What you need to do
Repeat the lines from the one containing "Coach Edie Turnlock NEW tag removed" through the end of the listing exactly, both ends included. Do not carry over any pictures.

Given entries
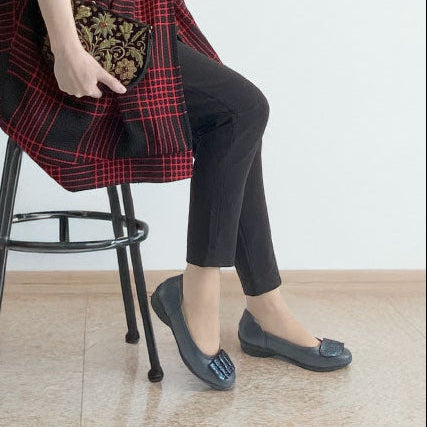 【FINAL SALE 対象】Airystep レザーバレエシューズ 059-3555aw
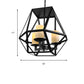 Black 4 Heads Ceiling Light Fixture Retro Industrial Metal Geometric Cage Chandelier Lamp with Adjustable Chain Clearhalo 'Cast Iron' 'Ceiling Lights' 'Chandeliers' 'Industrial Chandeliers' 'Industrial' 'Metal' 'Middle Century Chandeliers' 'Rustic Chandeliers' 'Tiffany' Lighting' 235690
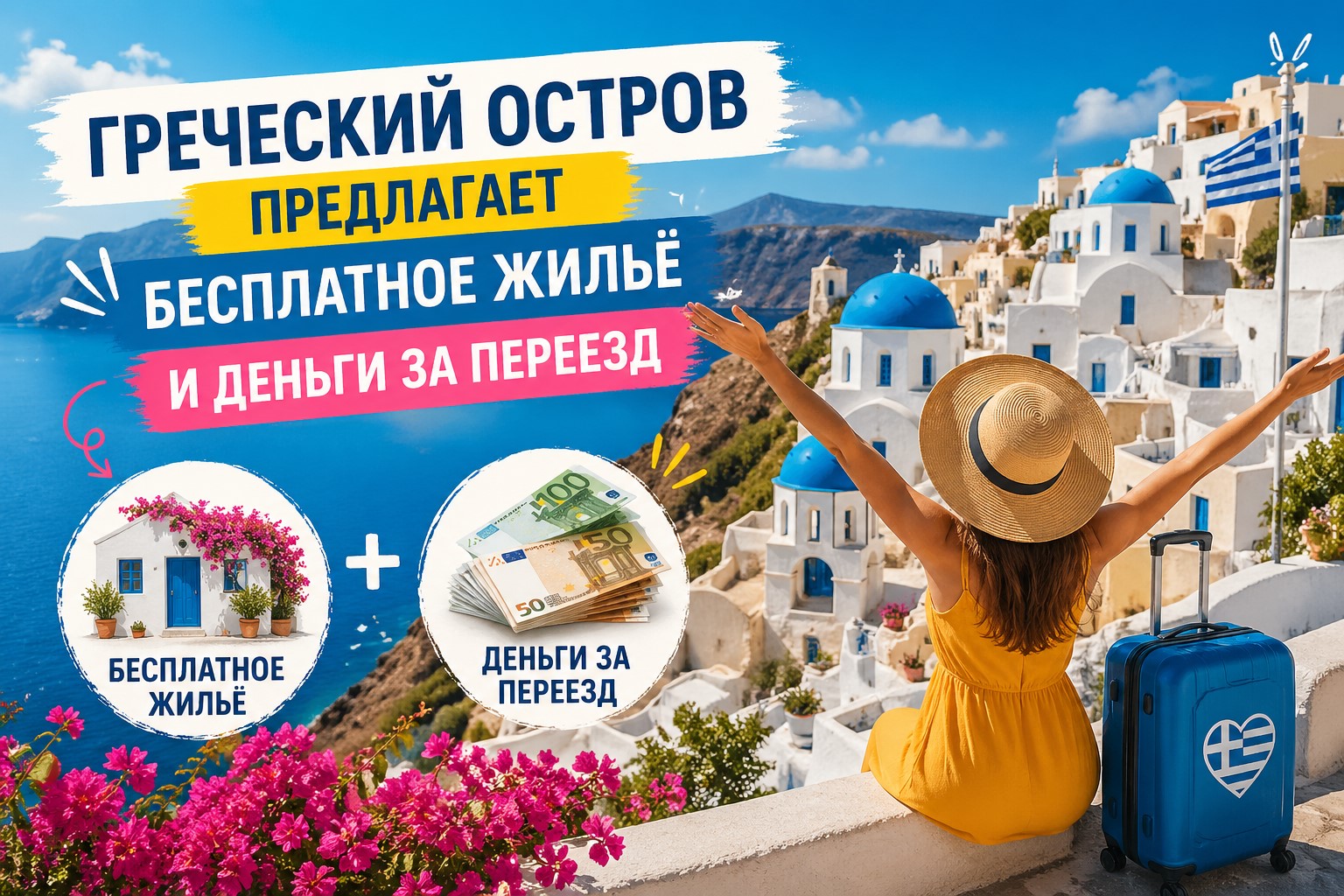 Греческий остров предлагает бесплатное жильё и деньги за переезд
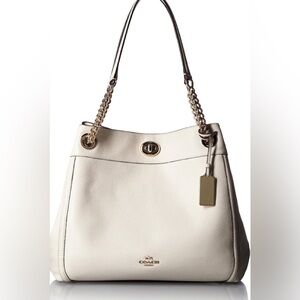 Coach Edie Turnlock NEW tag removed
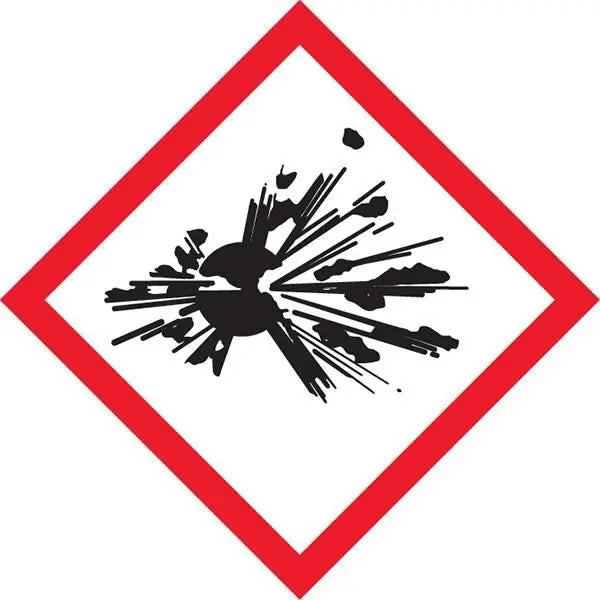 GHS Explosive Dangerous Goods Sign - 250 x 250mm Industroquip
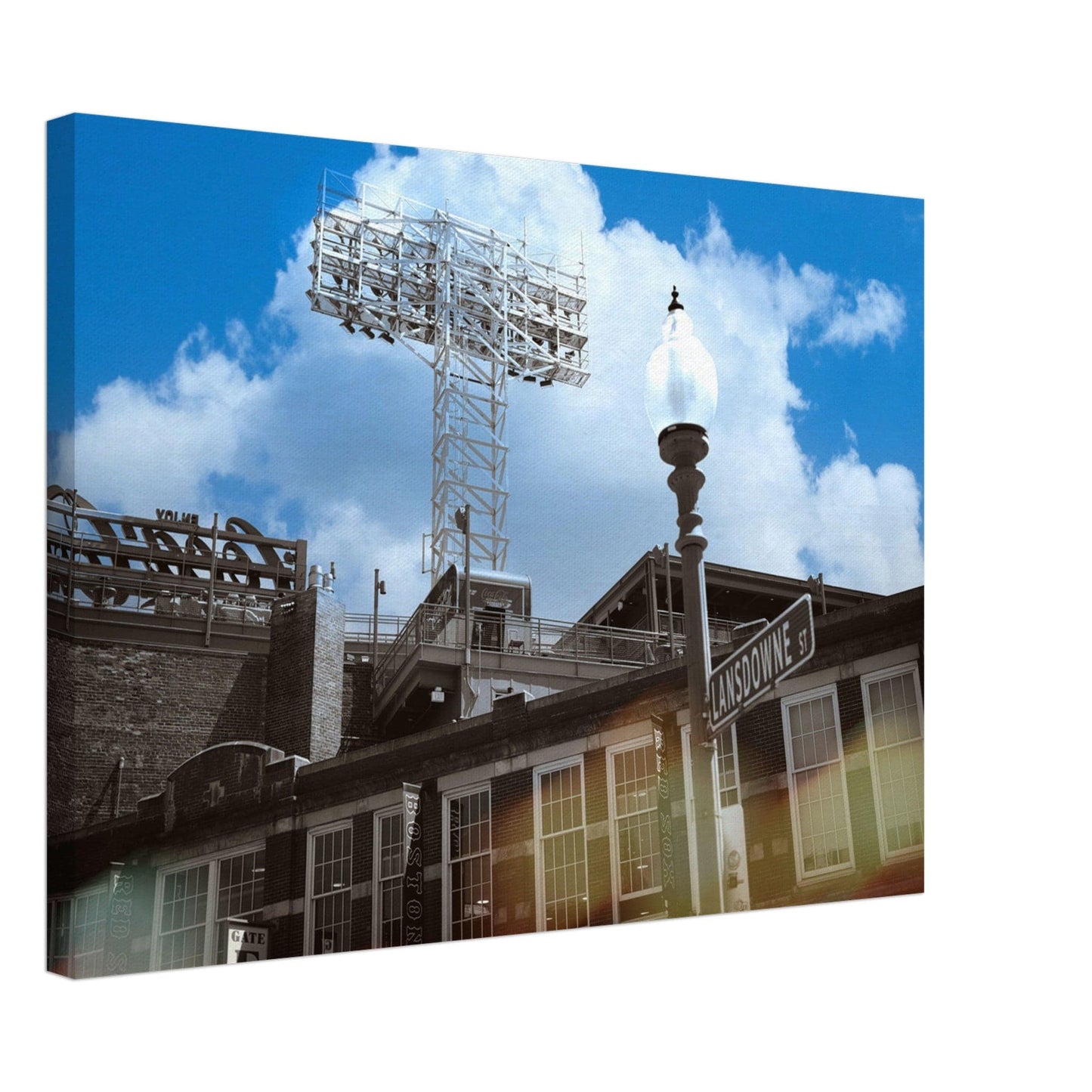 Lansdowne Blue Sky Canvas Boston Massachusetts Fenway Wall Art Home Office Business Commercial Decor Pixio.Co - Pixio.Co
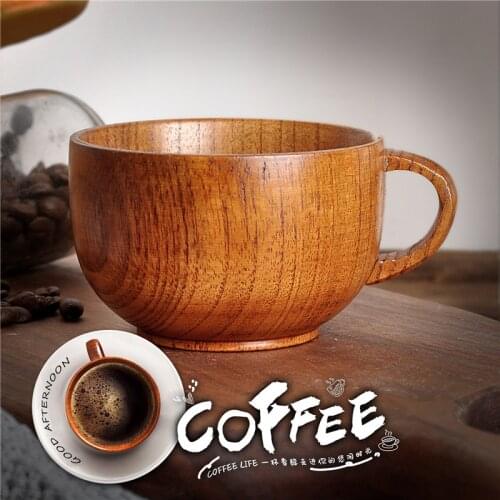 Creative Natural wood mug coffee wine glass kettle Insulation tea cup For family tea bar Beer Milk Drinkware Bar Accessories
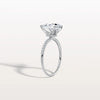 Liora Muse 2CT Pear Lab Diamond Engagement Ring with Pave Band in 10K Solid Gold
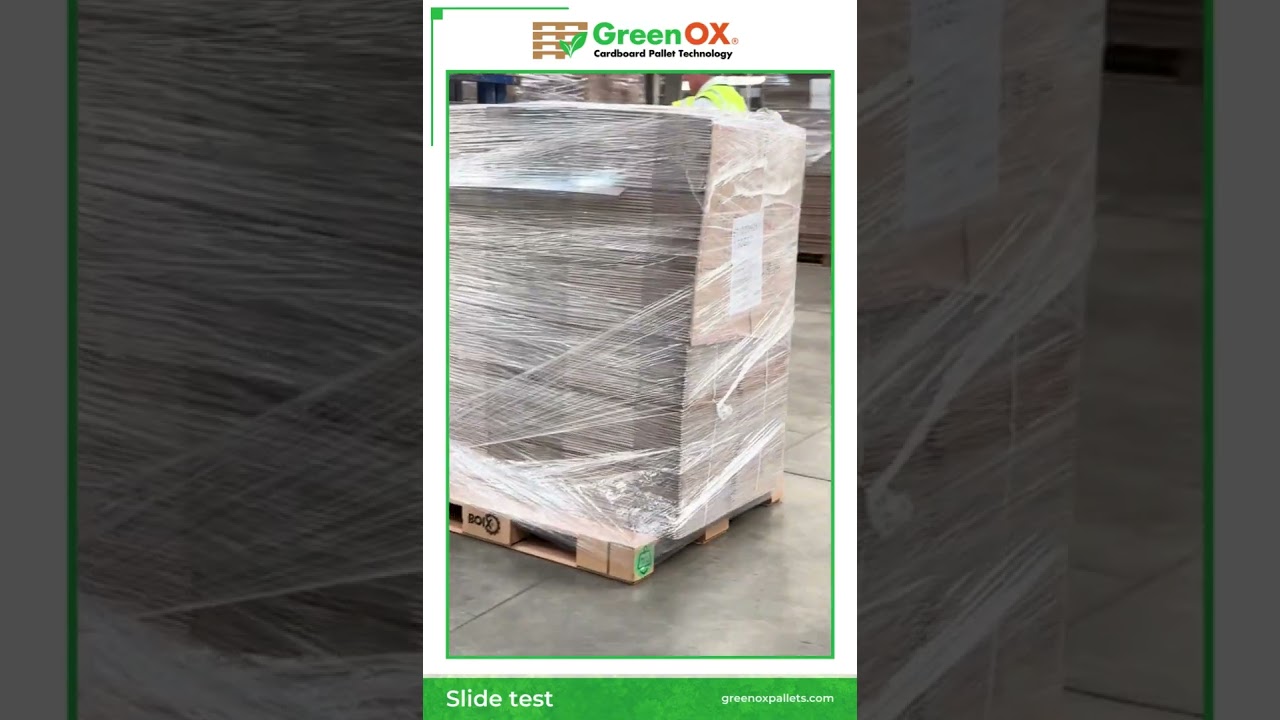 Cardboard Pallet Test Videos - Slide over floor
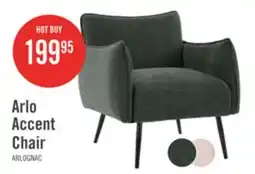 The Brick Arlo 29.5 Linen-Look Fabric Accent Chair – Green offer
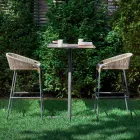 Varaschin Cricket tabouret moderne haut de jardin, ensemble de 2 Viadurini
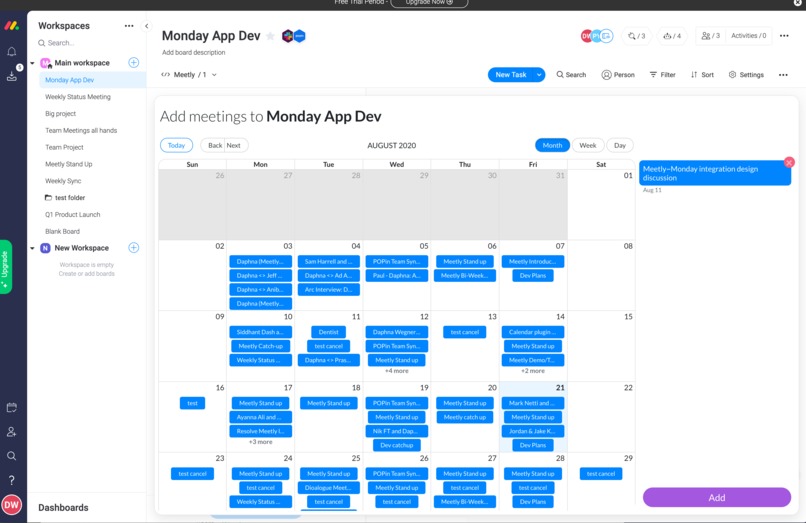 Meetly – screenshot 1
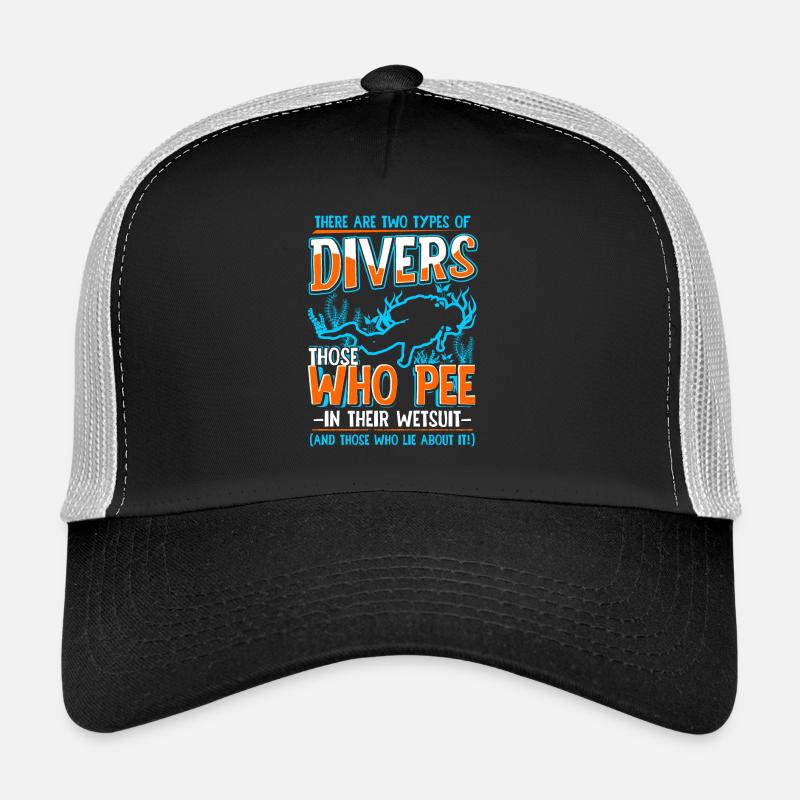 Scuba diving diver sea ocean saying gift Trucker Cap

Problem solution
 Coach Edie Turnlock NEW tag removed
 GHS Explosive Dangerous Goods Sign - 250 x 250mm Industroquip
 Lansdowne Blue Sky Canvas Boston Massachusetts Fenway Wall Art Home Office Business Commercial Decor Pixio.Co - Pixio.Co
 Creative Natural wood mug coffee wine glass kettle Insulation tea cup For family tea bar Beer Milk Drinkware Bar Accessories
 Liora Muse 2CT Pear Lab Diamond Engagement Ring with Pave Band in 10K Solid Gold
 Cardboard Pallet Test Videos - Slide over floor
 The Brick Arlo 29.5 Linen-Look Fabric Accent Chair – Green offer
 Varaschin Cricket tabouret moderne haut de jardin, ensemble de 2 Viadurini
 Meetly – screenshot 1
 Scuba diving diver sea ocean saying gift Trucker Cap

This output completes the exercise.